BlockBeats news: On January 3, Matthew Sigel, head of digital assets at VanEck, stated in his 2026 outlook that digital assets are showing complex but positive signals as 2026 begins. Bitcoin fell by about 80% in the previous cycle, but actual volatility has since dropped by nearly half, suggesting this downturn could be reduced to around 40%. The market has already priced in about a 35% decline.
Meanwhile, Bitcoin's historical four-year cycle pattern (which often peaks during the U.S. election window) remains valid after the high point in early October 2025. This pattern suggests that 2026 is more likely to be a year of consolidation rather than a sharp rise or crash.

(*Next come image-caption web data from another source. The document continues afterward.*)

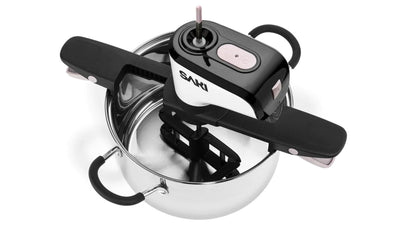Saki Adjustable Speed Automatic Electric Cordless Hands Free Cooking Pot Stirrer - VMInnovations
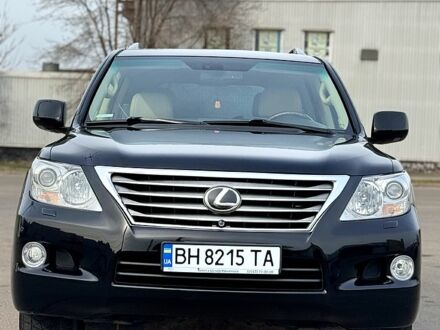 Лексус ЛХ 2009 у Кривому Розі на Automoto.ua Чорний Лексус ЛХ, об'ємом двигуна 5.7 л та пробігом 270 тис. км за 27000 $, фото 1 на Automoto.ua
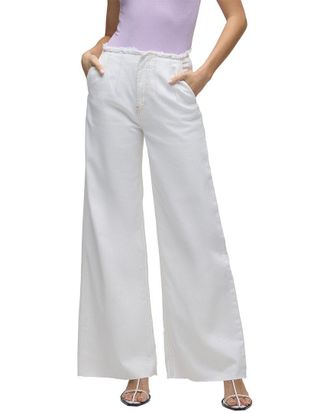 Hudson Hudson Jeans James White Wide Leg Jean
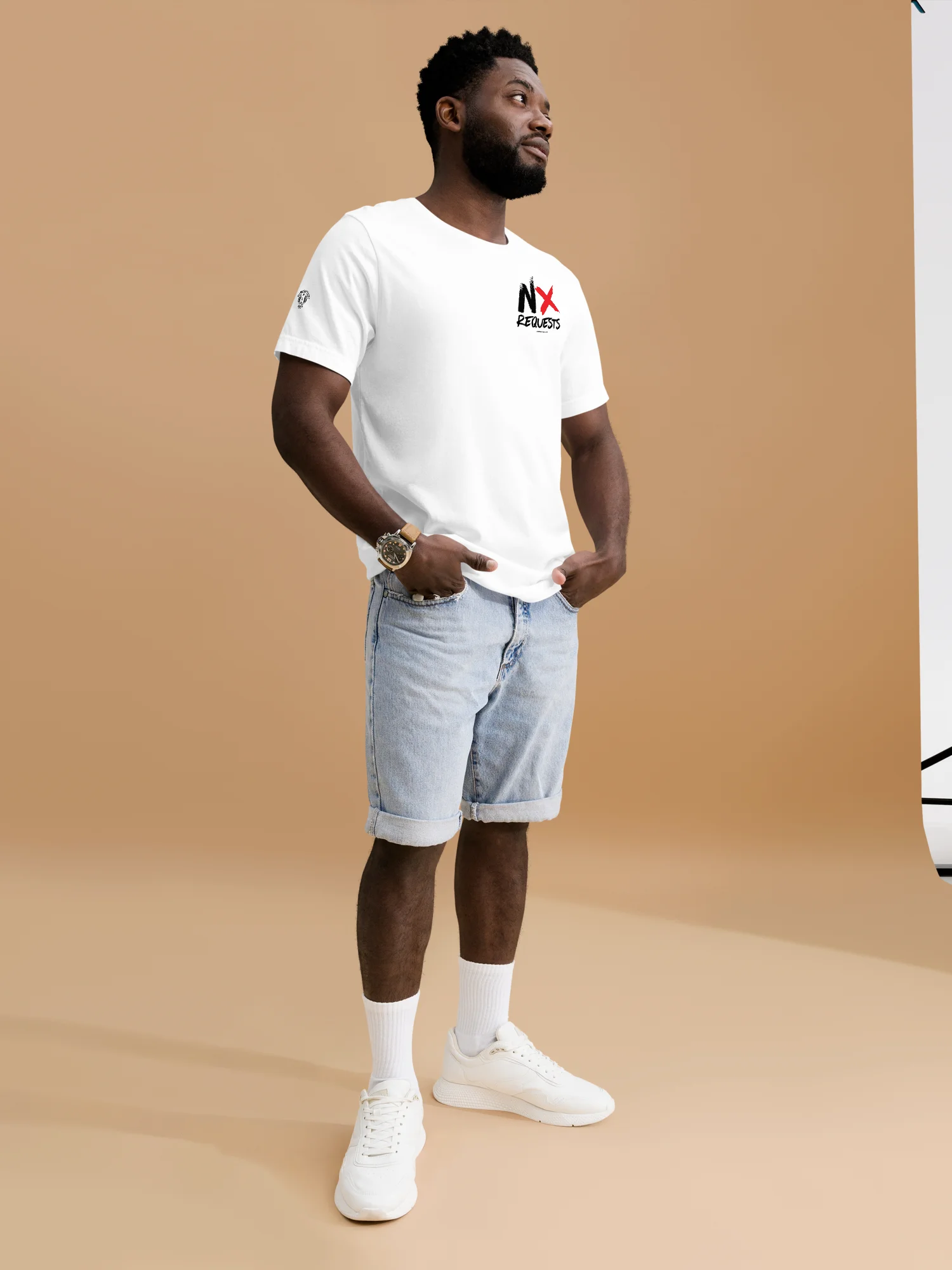 NX REQUESTS - WHITE TEE product image (7)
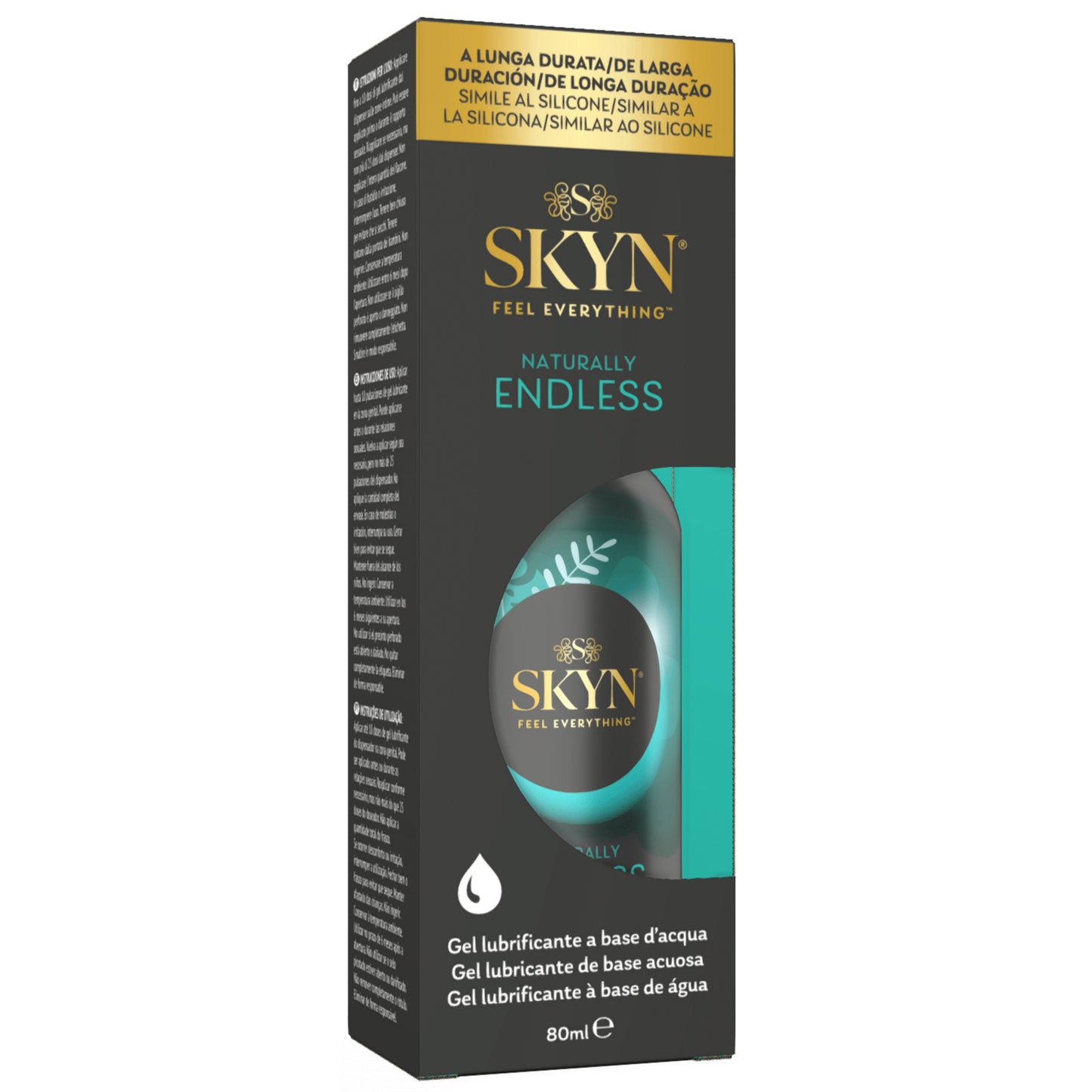 Skyn Naturally Endless Gel Lubrif 80ml
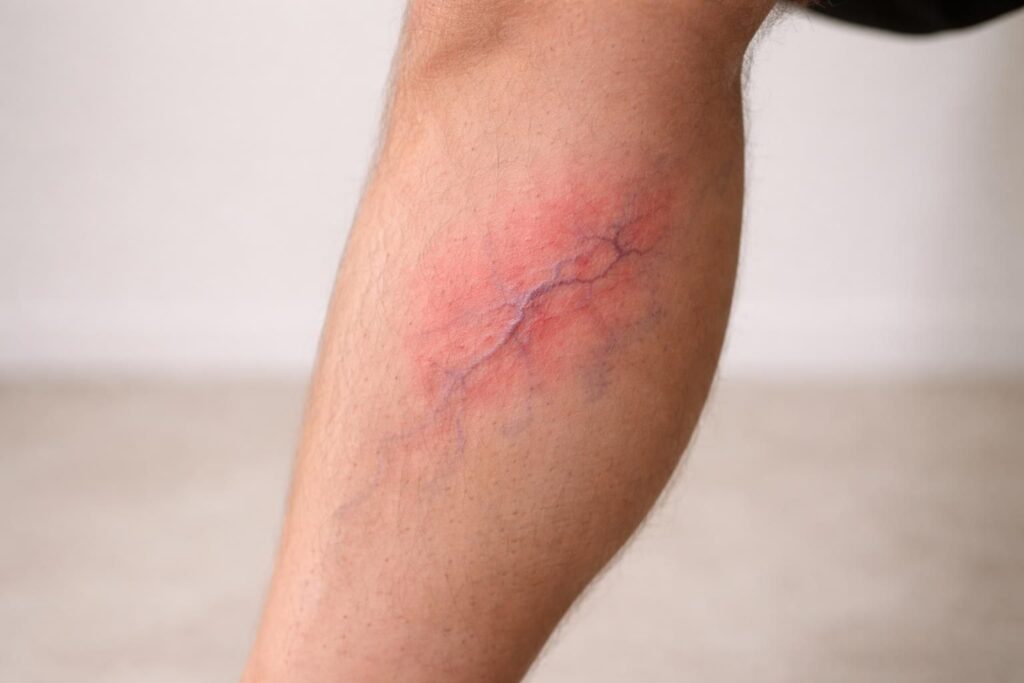 découvrez comment identifier rapidement les symptômes de la phlébite afin de réagir efficacement et prévenir les complications.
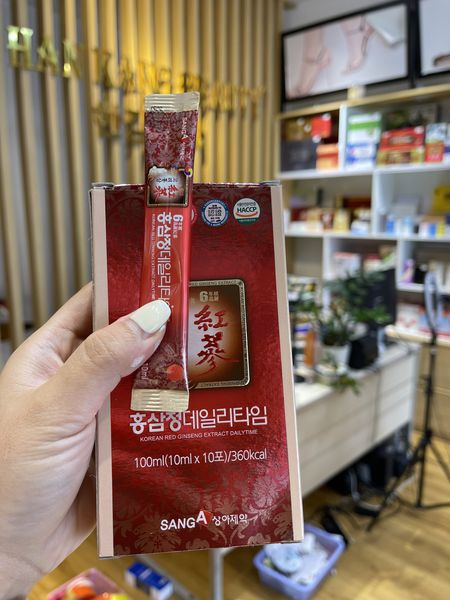 Hồng sâm Sang A Korean Red Gíneng Extract Dailytime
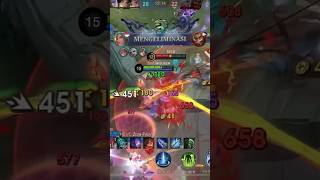 Pance Pance mobilelegends mlbb mlbbhighlights mlbbcreatorcamp maniac montage tranding [upl. by Bay787]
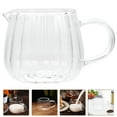 thumbnail image 3 of ACDANC Glass Creamer Pitcher Cup Coffee Creamer Jar with Pour Spout Mini Glass Milk Jug (60ml), 3 of 4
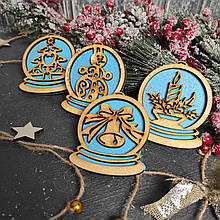 Новорічні набори іграшок, новорічні іграшки і прикраси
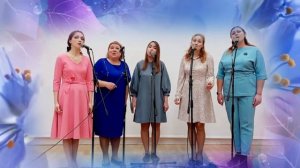 МБОУ СШ№3, МБОУ СШ№34  Эстрадная песня Цветы учителям  Вокальный ансамбль Нюанс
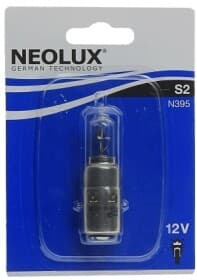 Автолампа Neolux® S2 BA20d 35 W прозора N395-01B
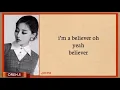 TWICE(트와이스) "BELIEVER" EASY LYRICS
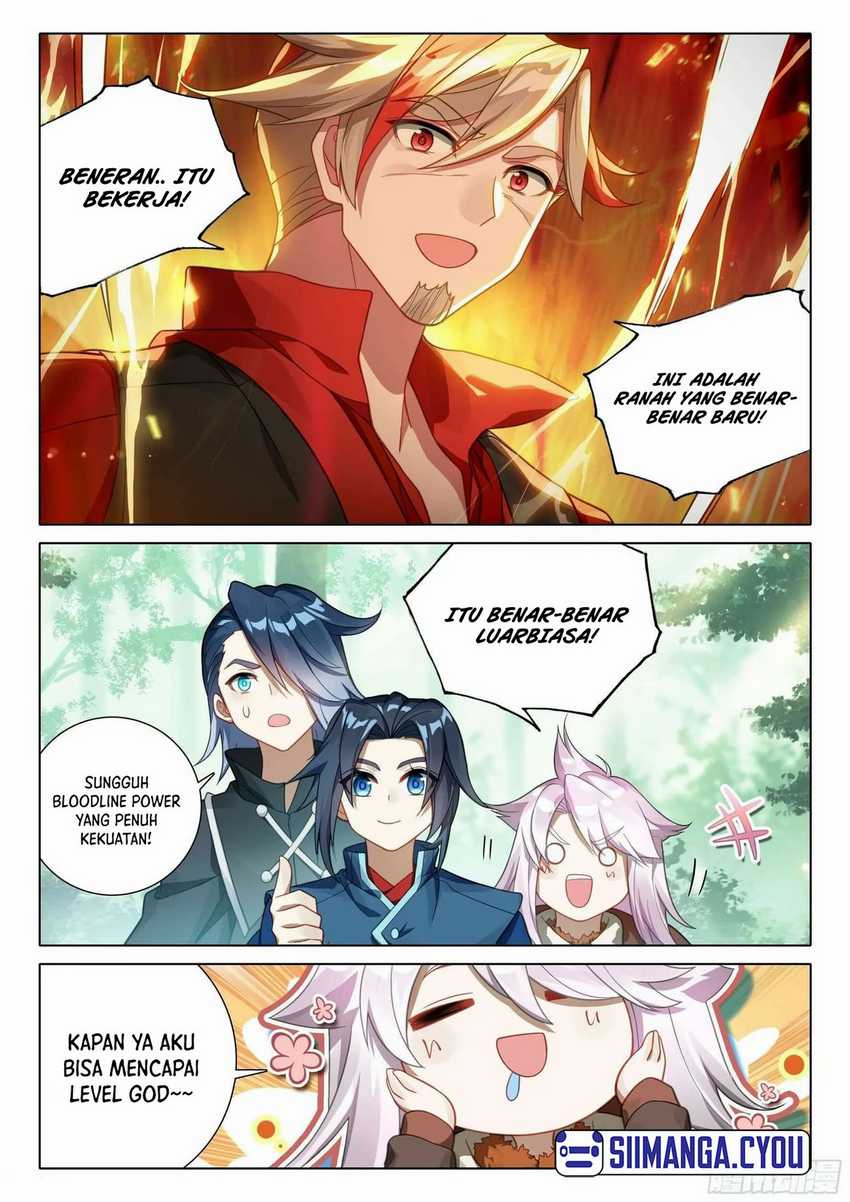 Soul Land V – Rebirth of Tang San Chapter 116 Gambar 5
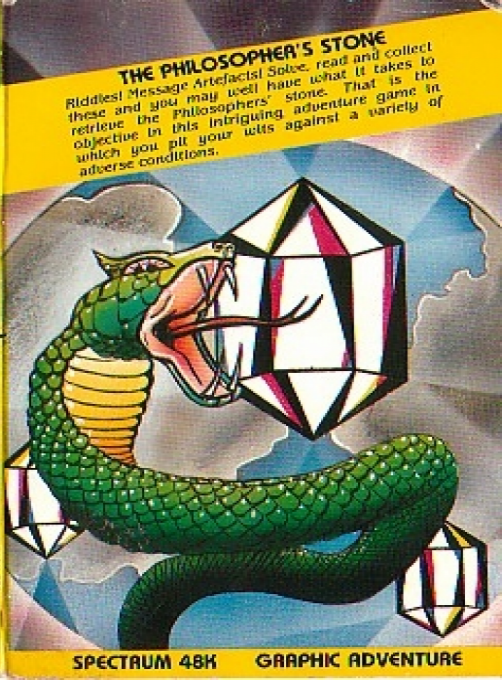 The Philosopher's Stone box art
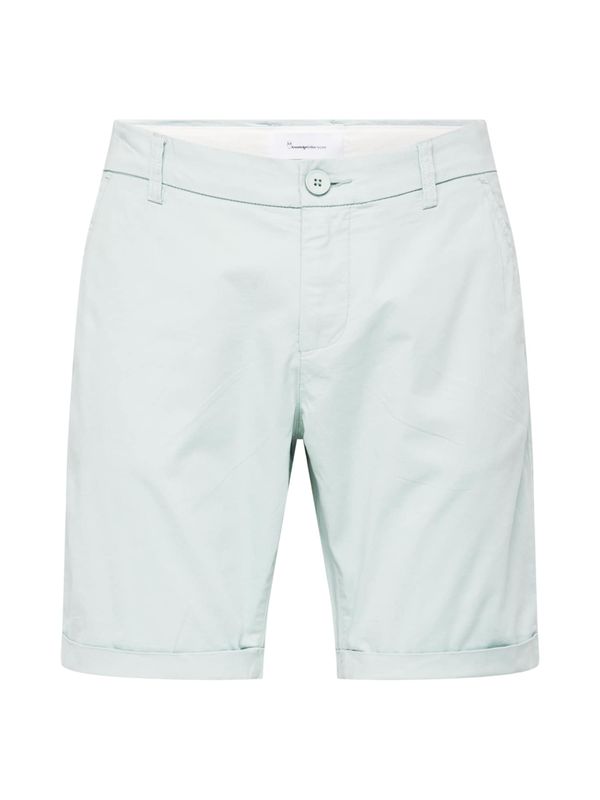 KnowledgeCotton Apparel KnowledgeCotton Apparel Панталон Chino 'CHUCK'  светлосиньо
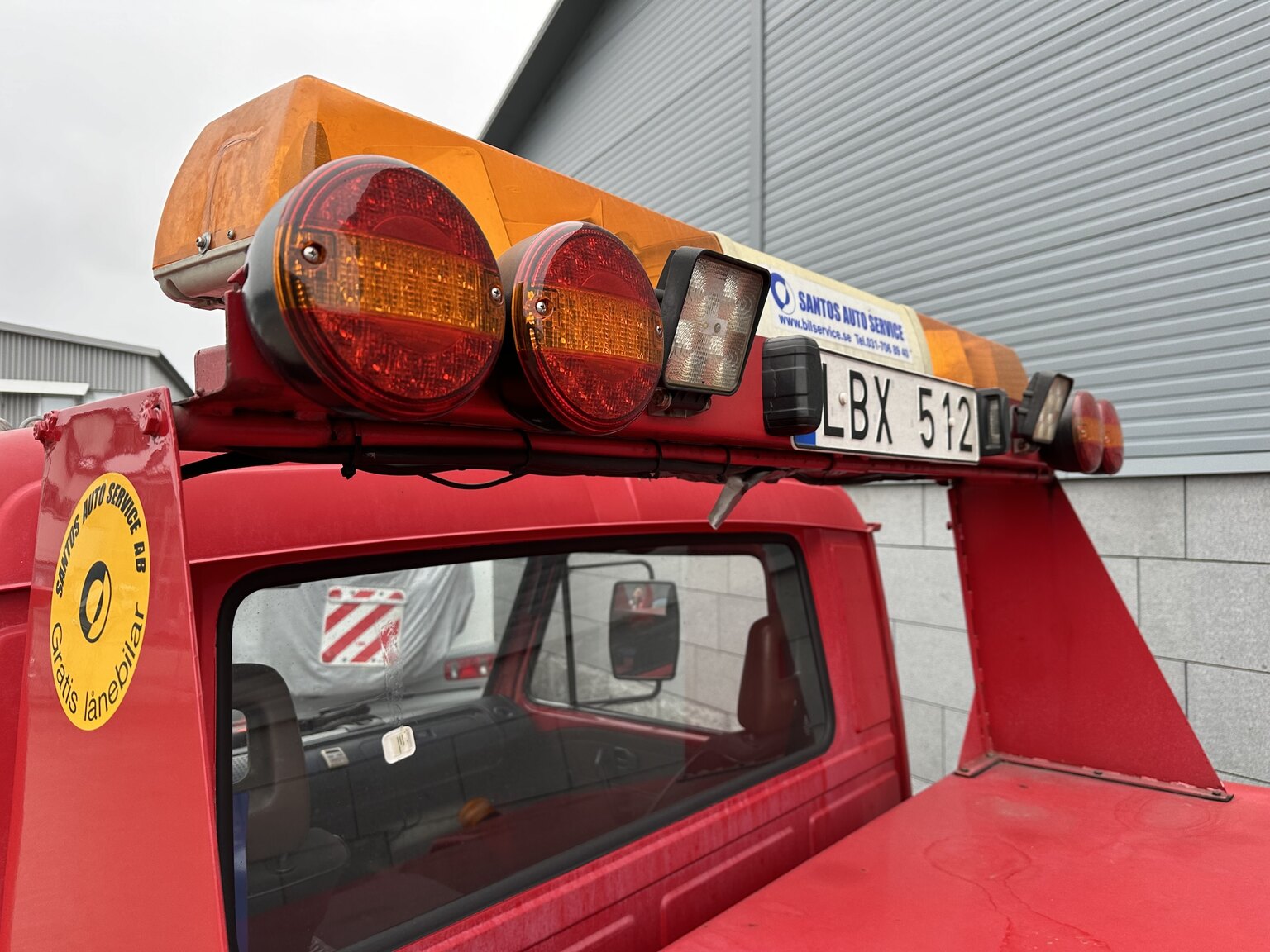 Exterior image of 1983 Volkswagen LT46 bärgare (37)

In 2026, global liquidity remains mixed, with expectations of rate cuts providing support. However, U.S. liquidity tightens slightly as AI-driven capital expenditure booms clash with fragile financing markets, leading to wider credit spreads. Leverage levels within the crypto ecosystem have reset after multiple washouts. On-chain activity, although still weak, begins to show signs of improvement.
Matthew Sigel said that in this context, it is recommended to establish a disciplined allocation of 1% to 3% in Bitcoin through a dollar-cost averaging strategy, increasing holdings during leveraged liquidations and reducing them when market speculation becomes excessive.